■ Instructions for the task: Exact copies of the lines below, from the one with "Slow Laptop Fix" up to and including the one with "Vinyl LP Records", are what this calls for; leave out pictures.

■ Recorded information:
-- Opening Marker --

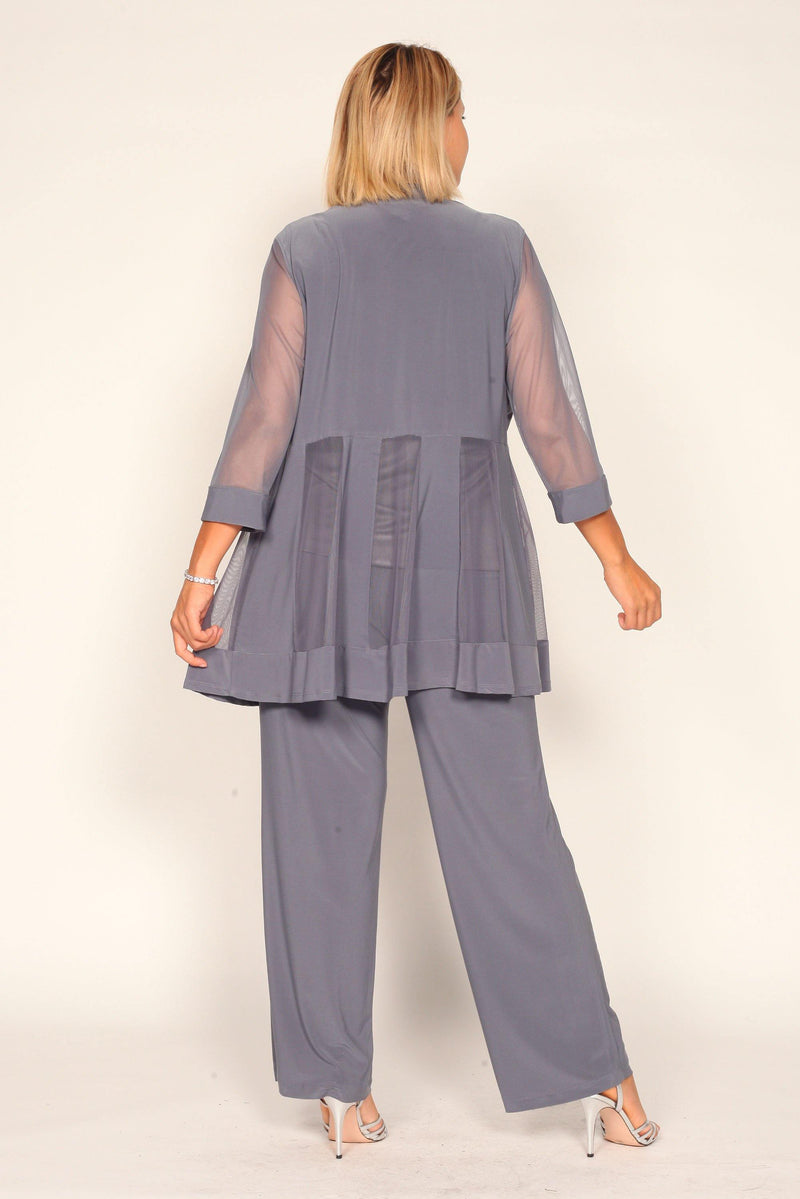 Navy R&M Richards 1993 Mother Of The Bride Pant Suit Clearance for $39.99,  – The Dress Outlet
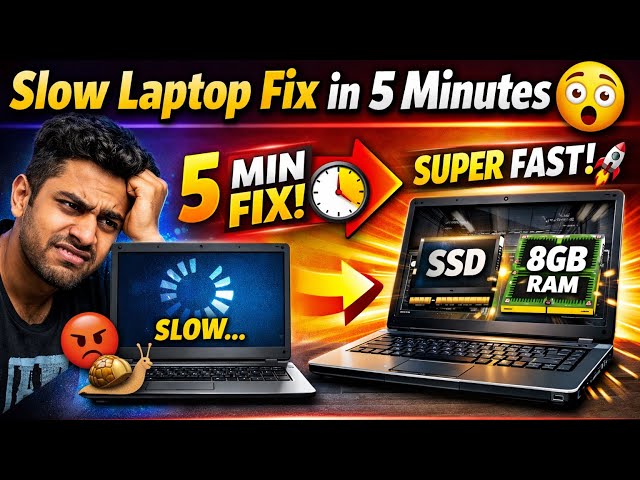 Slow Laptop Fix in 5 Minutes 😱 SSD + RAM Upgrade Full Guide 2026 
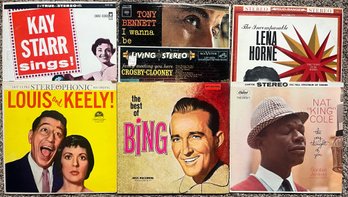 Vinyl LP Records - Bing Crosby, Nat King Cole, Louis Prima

-- Closing Marker --
-- Opening Marker --

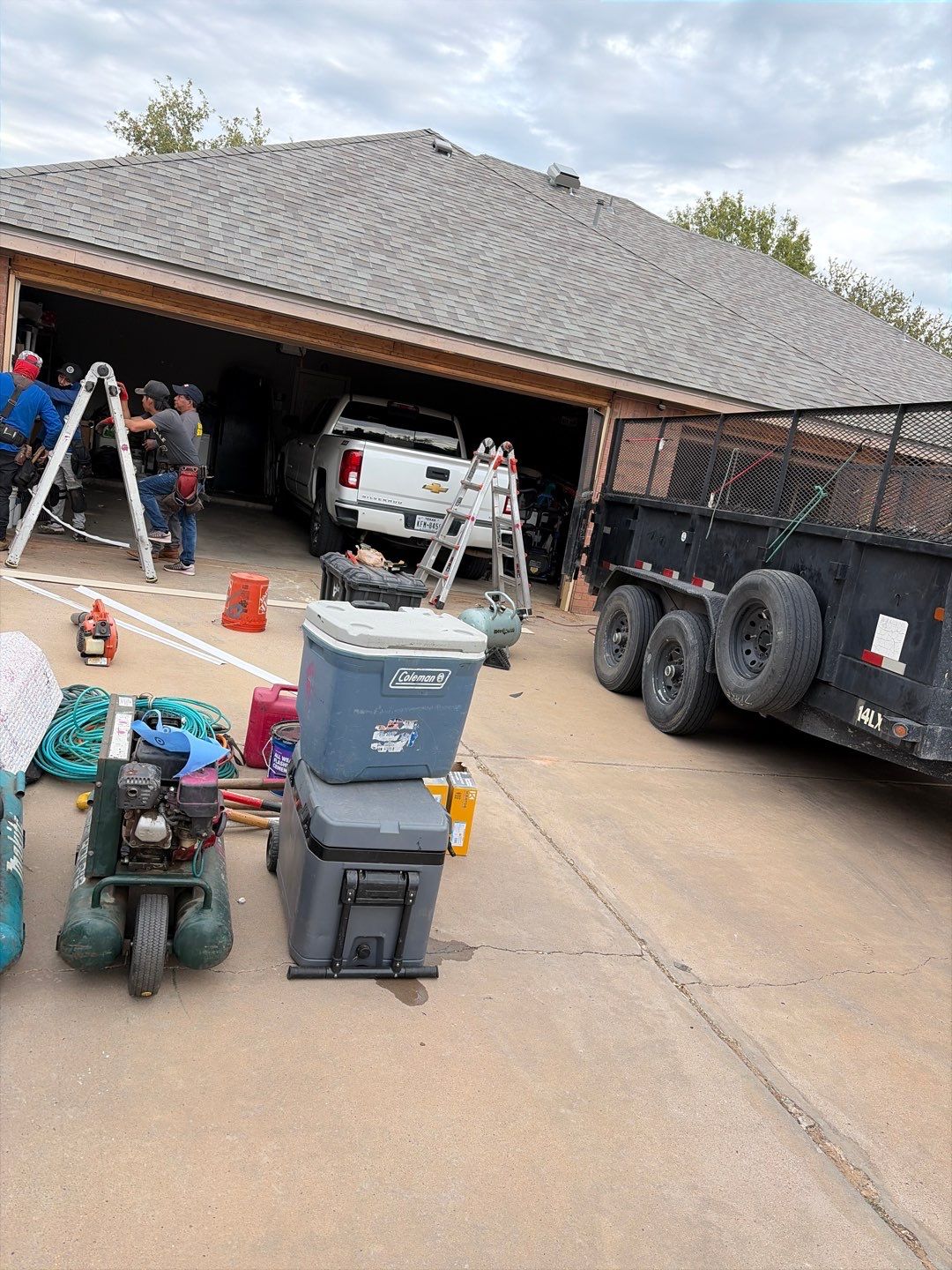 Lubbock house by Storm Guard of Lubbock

-- Closing Marker --

■ Result:
 Slow Laptop Fix in 5 Minutes 😱 SSD + RAM Upgrade Full Guide 2026 
 Vinyl LP Records - Bing Crosby, Nat King Cole, Louis Prima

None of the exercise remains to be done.